President Mahmoud Abbas, a moderate, urged an immediate ceasefire to stop Israel’s offensive in Lebanon. “The new Israeli crime requires an immediate ceasefire, to preserve the lives of innocent civilians,” Abbas was quoted as saying by the official WAFA news agency.

Prime Minister and Hamas leader Ismail Haniyeh said neither Palestinians nor Lebanese would bow to “open war.” About 400,000 Palestinian refugees live in Lebanon after fleeing or being driven from homes in what is now Israel during the 1948 war at the founding of the state.

In the West Bank city of Bethlehem, Palestinians burned Israeli flags. In Tulkarem, some 2,000 demonstrators marched to chants of: “Hizbollah are our heroes … Bomb Tel Aviv.” In Gaza, painters daubed murals of Israeli missiles falling on Lebanon and the Gaza Strip alike.

There were also signs of growing anger among the Arabs who make up nearly a fifth of Israel’s population, many of them living in northern areas that have come under the heaviest Hizbollah rocket fire.

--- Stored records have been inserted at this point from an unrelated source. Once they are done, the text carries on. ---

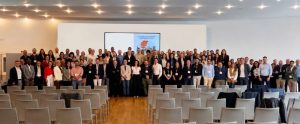 El ITA da a conocer los avances del proyecto 0ACCIDNTES en una jornada de seguridad en la construcción de AWS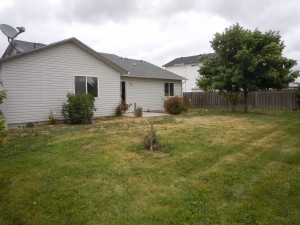 hud homes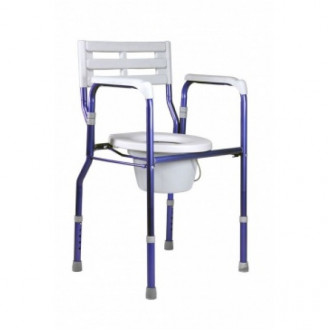 Кресло-стул с санитарным оснащением Excel Xeryus HC-2150 в Крыму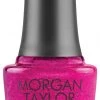 Morgan Taylor Lacquer New Morgan Taylor High Voltage Nail Polish - 852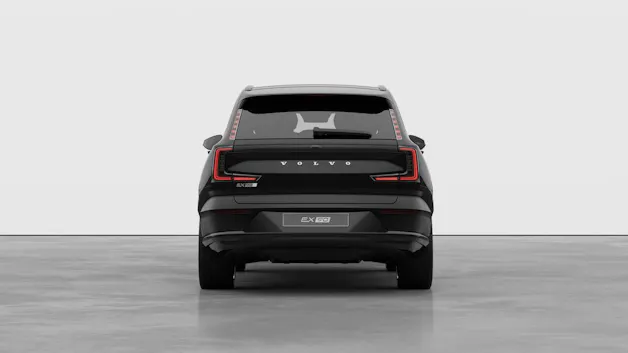 Volvo EX90 Twin Performance Ultra AWD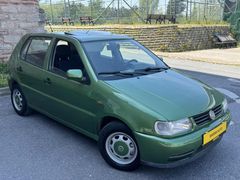 BARDAK AUTO'DAN VOLKSWAGEN POLO OTOMATİK VİTES SANROF ÖZEL RENK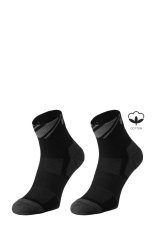 CYKLISTICKÉ PONOŽKY R2 MOVE 2PACK  ATS30B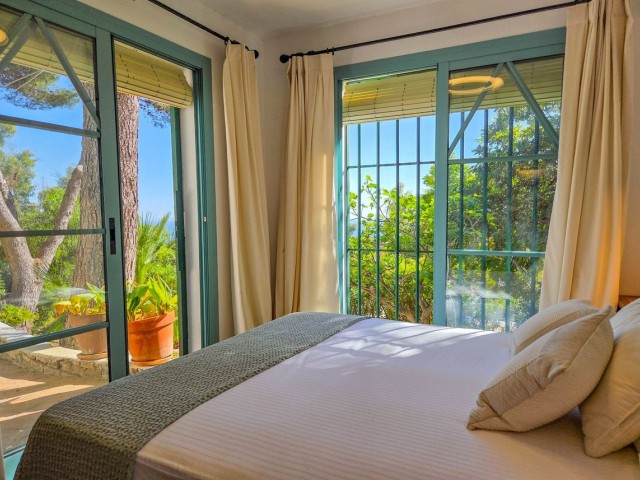 4 Slaapkamer Villa in Marbella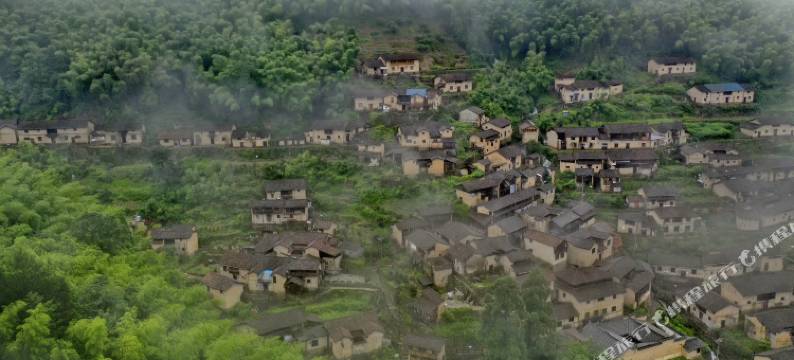 松阳云夕天域精品民宿(横坑村店)图片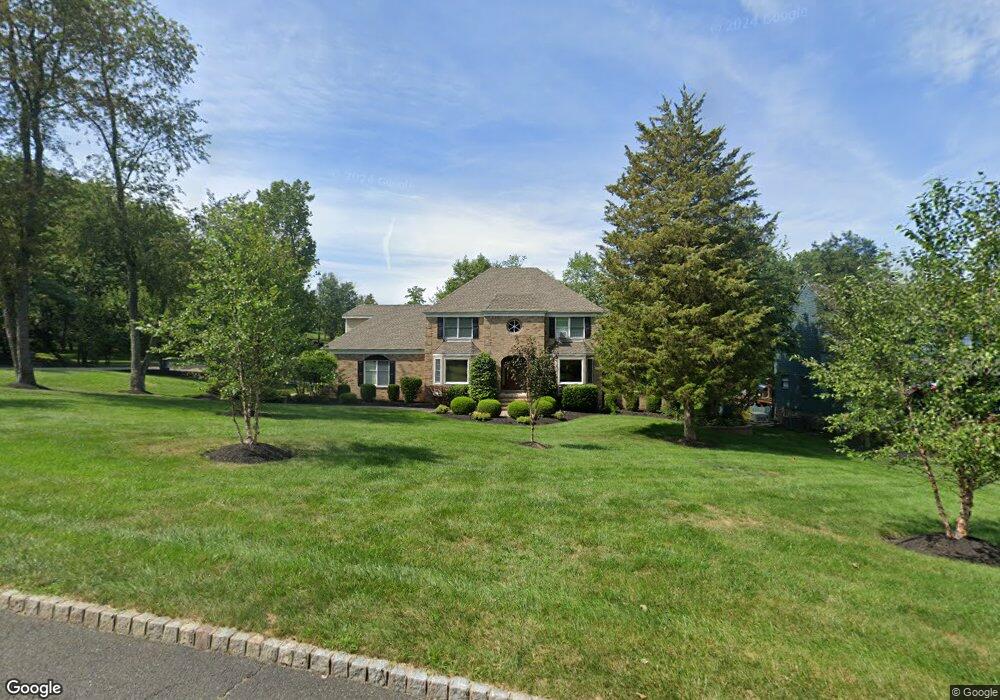 1 Dogwood Dr, Hillsborough, NJ 08844 - photo 1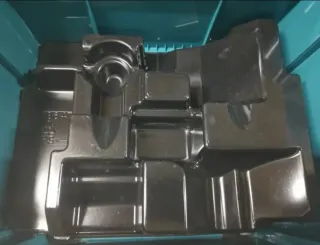 Maletin Makpac Tipo 3 Makita con inserto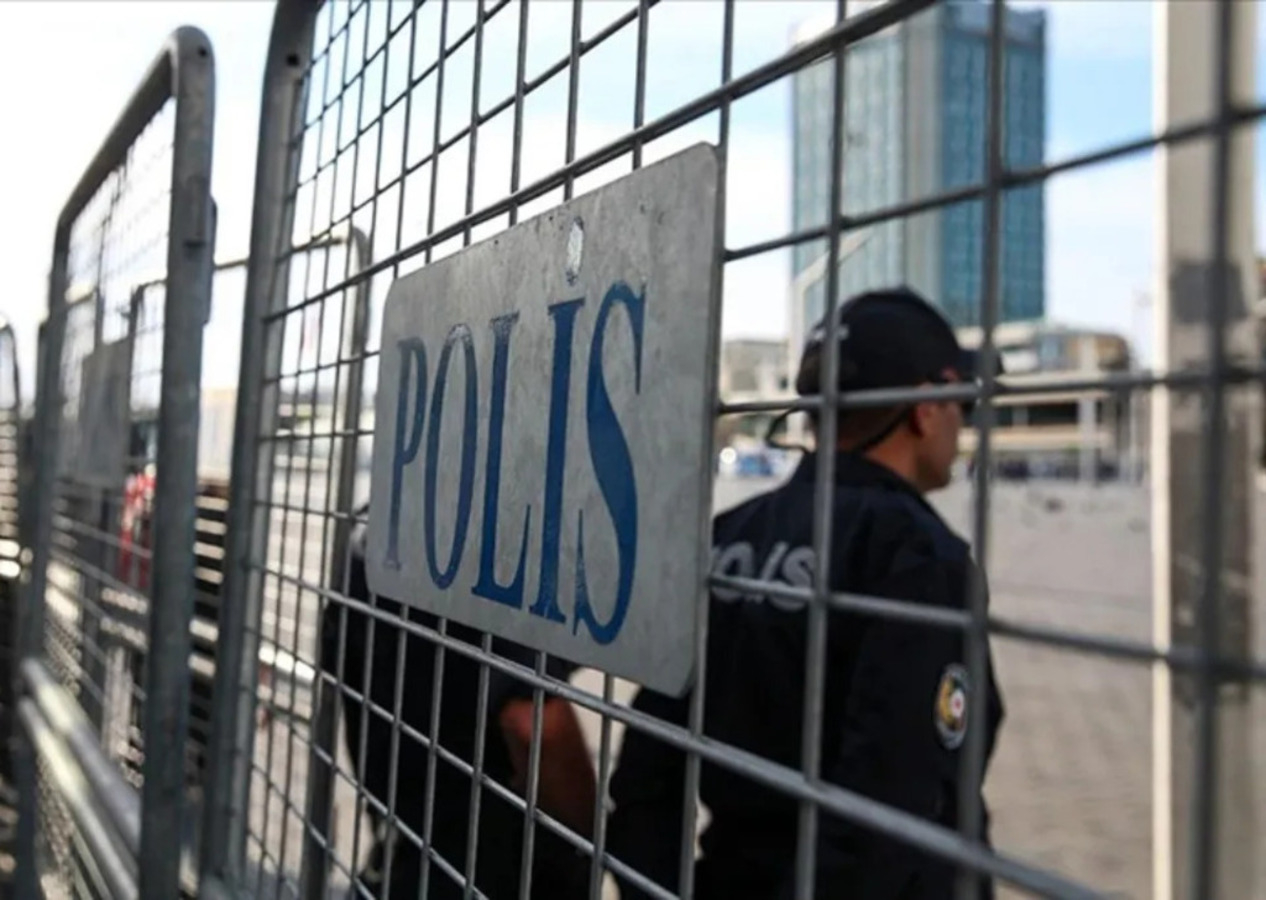 İstanbul Valiliği yeni kararları duyurdu: 4 ilçede yasaklandı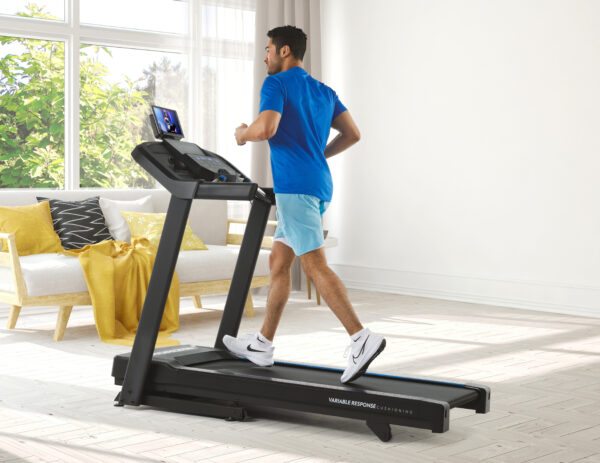 Horizon Fitness 5.0AT - Slika 9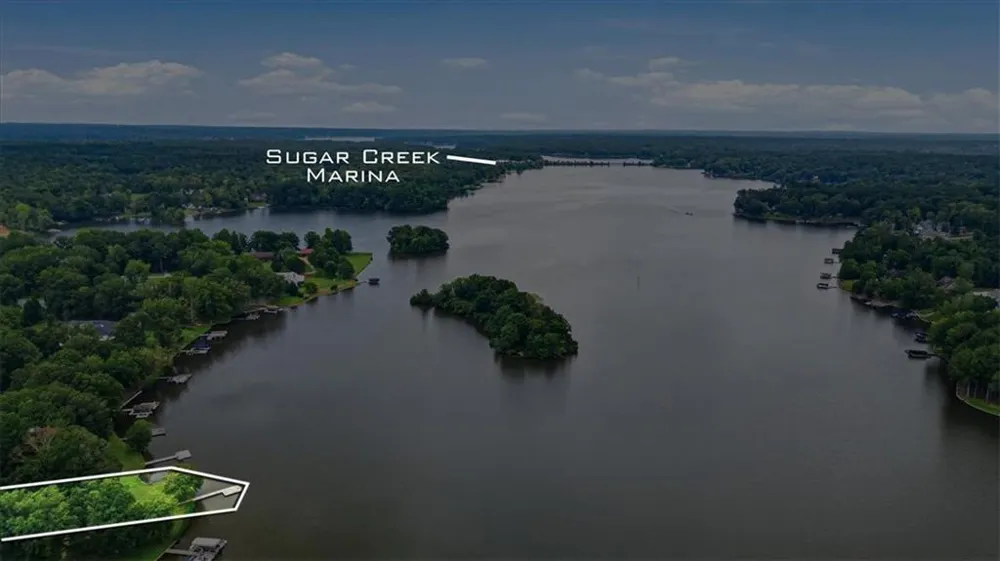 1551 Sugar Creek Trail Buckhead, GA 30625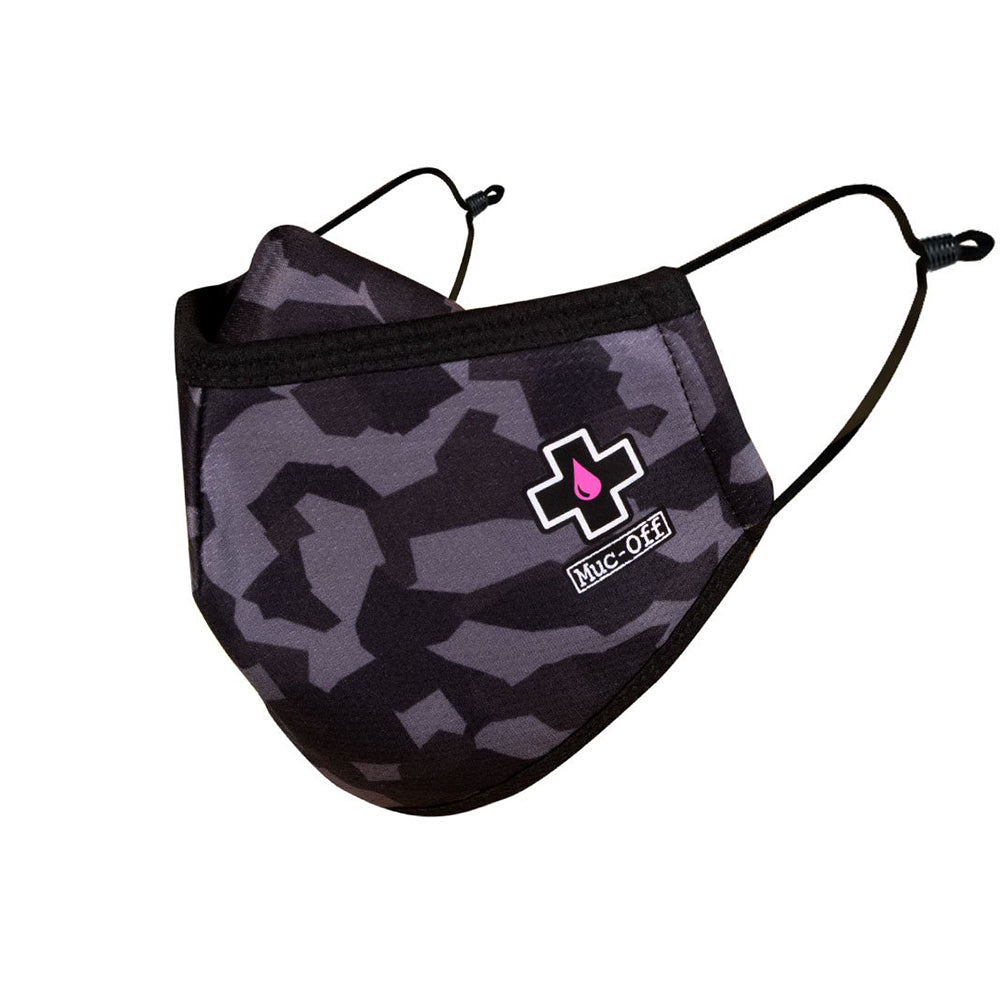 Muc-Off Re-Useable Face Mask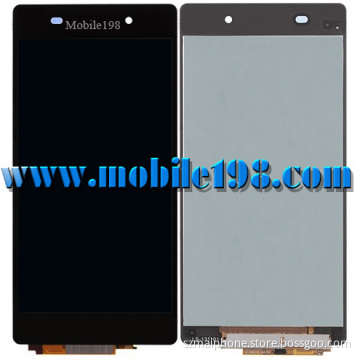 Touch Screen Display LCD for Sony Xperia Z2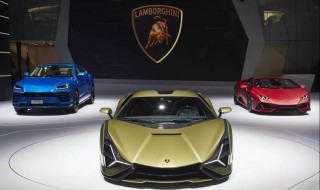 lamborghini是什么车 lamborghini是什么车什么价格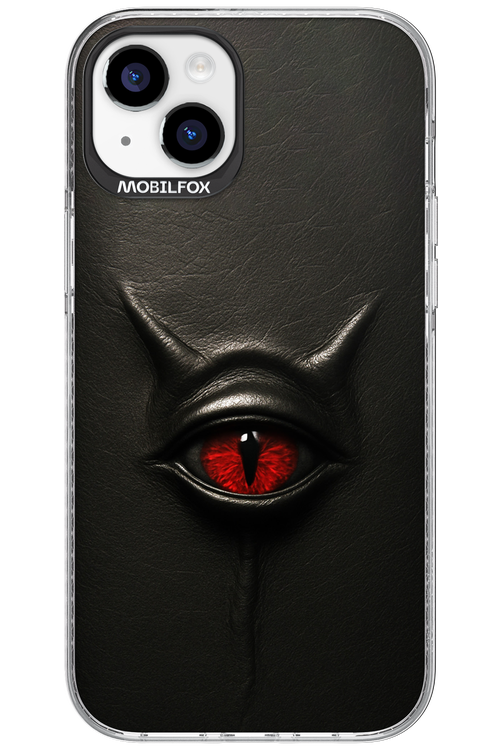 DevilEye 2.0 - Apple iPhone 15 Plus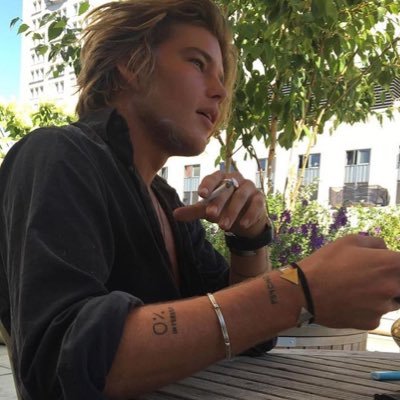 rpdmconnor's profile picture. 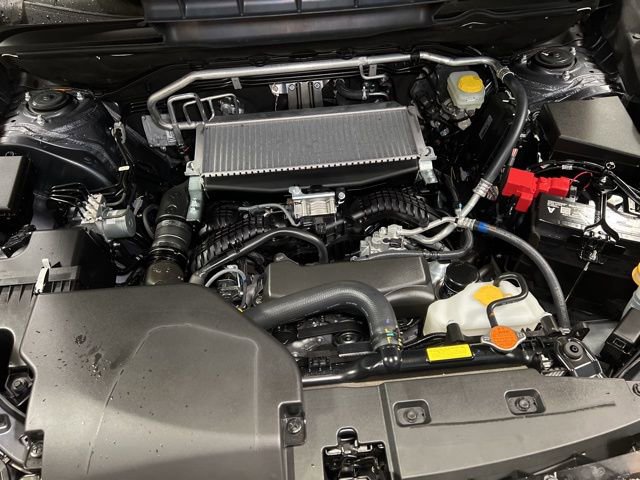 Certified 2025 Subaru Ascent Bronze Edition w/ Onyx Package image 20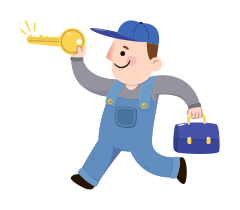 Local emergency lockout specialist near you offering 24/7 emergency lockout solution in Kingsburg, CA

“Israel is playing with fire and we are all getting burned, said Abu Mohammad, a 47-year-old shopkeeper in Haifa. “All we want is to live in peace, on both sides.” At least 542 people have been killed in the war in Lebanon since Hizbollah captured two soldiers on July 12. Fifty-one Israelis have also died.

A month-old offensive in Gaza to recover another captured soldier and end cross-border rocket fire has left 150 Palestinians dead, about half of them fighters.